Yesterday marked the 49th day following the passing of my best friend. In Korea, this day is usually marked by a memorial service, which has its roots in Buddhist tradition and is widely practiced across religions all over the country.

I attended this memorial for my friend at his resting place yesterday together with his family and other people close to him. This was something that I absolutely wanted to be present for and at the same time dreaded for fear that I would break down completely in front of everyone. I saw my physician a few days ago and she must have shared my fear of a breakdown in this situation because she offered me a sedative pill to take before the service to help me stay calm. I’m glad to say that it worked.

I had arranged with two of his other friends to meet at a train station and then go together in a taxi. It was the first time that I met them but they were so welcoming and kind to me and I was so thankful that I did not have to go there alone. We arrived at the memorial park ten minutes before the family and had time to buy a small flower bouquet.

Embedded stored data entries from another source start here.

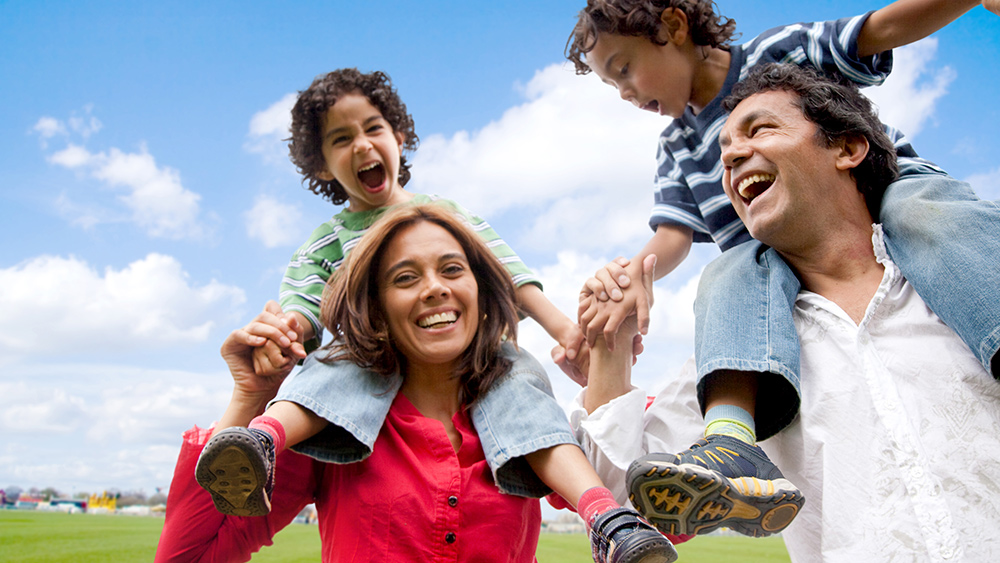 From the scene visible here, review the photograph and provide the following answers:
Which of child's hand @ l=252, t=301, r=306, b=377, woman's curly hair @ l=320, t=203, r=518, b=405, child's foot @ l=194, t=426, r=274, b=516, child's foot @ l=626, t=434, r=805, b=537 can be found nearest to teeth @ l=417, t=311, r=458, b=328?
woman's curly hair @ l=320, t=203, r=518, b=405

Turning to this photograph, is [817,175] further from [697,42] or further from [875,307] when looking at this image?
[697,42]

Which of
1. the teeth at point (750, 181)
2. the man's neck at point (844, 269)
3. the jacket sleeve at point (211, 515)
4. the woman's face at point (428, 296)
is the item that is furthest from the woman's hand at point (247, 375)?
the man's neck at point (844, 269)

Then more friends arrived and then the family – his brother and parents. We gathered in front of my friend’s resting place, which I had seen pictures of before, but actually standing there and seeing his name just choked me up and I started crying quietly.

Then my friend’s brother took the lead in saying a few prayers and the rest of us chimed in.  I already knew his brother but it was the first time for me to meet the parents. They were so incredibly sweet and obviously in the worst imaginable pain. His mother embraced me and kept clutching my hand tightly while we cried and talked together. I’m so deeply grateful that I got to tell her how much her son had meant to me and I was so happy just to meet her and be able to talk to her.

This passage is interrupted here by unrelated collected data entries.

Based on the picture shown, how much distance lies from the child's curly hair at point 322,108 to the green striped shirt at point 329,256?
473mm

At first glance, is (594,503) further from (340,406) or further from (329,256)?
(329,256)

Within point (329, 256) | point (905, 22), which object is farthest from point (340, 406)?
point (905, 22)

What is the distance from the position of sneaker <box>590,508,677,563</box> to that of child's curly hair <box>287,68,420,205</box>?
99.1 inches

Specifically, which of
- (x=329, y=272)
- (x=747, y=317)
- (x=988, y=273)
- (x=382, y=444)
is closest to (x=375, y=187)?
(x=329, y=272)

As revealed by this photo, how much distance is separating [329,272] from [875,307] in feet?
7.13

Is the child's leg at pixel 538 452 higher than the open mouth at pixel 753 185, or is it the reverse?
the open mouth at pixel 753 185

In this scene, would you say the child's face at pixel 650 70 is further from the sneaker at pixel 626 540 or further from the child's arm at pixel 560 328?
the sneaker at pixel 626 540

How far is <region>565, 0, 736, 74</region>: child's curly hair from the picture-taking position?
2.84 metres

My friend’s brother had asked me to bring a few small items that symbolized Denmark, which I should lay down at the resting place. I was deeply honored to do so and feel so thankful that there will now be something there that symbolizes our special friendship. After having laid down the small items I brought, I also fastened the small bouquet next to them.

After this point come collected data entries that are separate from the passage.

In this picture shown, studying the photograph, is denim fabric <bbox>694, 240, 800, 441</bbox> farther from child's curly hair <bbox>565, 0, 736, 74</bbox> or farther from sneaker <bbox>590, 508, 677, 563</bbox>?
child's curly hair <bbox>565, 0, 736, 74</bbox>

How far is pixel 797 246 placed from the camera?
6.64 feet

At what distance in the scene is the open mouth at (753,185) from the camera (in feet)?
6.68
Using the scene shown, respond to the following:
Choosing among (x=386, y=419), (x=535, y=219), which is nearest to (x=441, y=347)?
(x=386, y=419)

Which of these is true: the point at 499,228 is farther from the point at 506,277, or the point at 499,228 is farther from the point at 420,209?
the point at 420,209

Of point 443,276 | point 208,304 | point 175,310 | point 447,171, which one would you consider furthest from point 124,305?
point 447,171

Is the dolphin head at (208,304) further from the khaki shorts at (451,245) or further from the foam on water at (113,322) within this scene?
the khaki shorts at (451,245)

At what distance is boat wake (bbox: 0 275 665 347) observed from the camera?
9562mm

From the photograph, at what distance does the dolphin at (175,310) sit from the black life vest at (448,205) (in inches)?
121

After the memorial service, which altogether lasted about 30 minutes, my friend’s brother and some of the closest friends had dinner together. We went to a restaurant serving 감자탕 – a traditional Korean beef stew with spicy broth. After dinner, we proceeded to a nearby coffee shop to continue talking before going home.

It was a difficult day but I was so comforted by seeing all the other people who knew and loved my friend and I was especially comforted by speaking to his sweet mother. For the first time since his passing, I no longer felt alone with my grief. We all loved him, we all miss him and we all mourn the loss of him. Even though it was difficult, I am so incredibly glad that I went. It was truly a very meaningful day.

I’ll end this post by sharing a poem that one of my dear readers, Melanie, sent to me on one of the days where I most needed it. It’s “When I must leave you” by Helen Steiner Rice:

When I must leave you for a little while,
Please do not grieve and shed wild tears
And hug your sorrow to you through the years,
But start out bravely with a gallant smile;
And for my sake and in my name
Live on and do all things the same,
Feed not your loneliness on empty days,
But fill each waking hour in useful ways,
Reach out your hand in comfort and cheer
And I in turn will comfort you and hold you near;
And never never be afraid to die,
For I am waiting for you in the sky!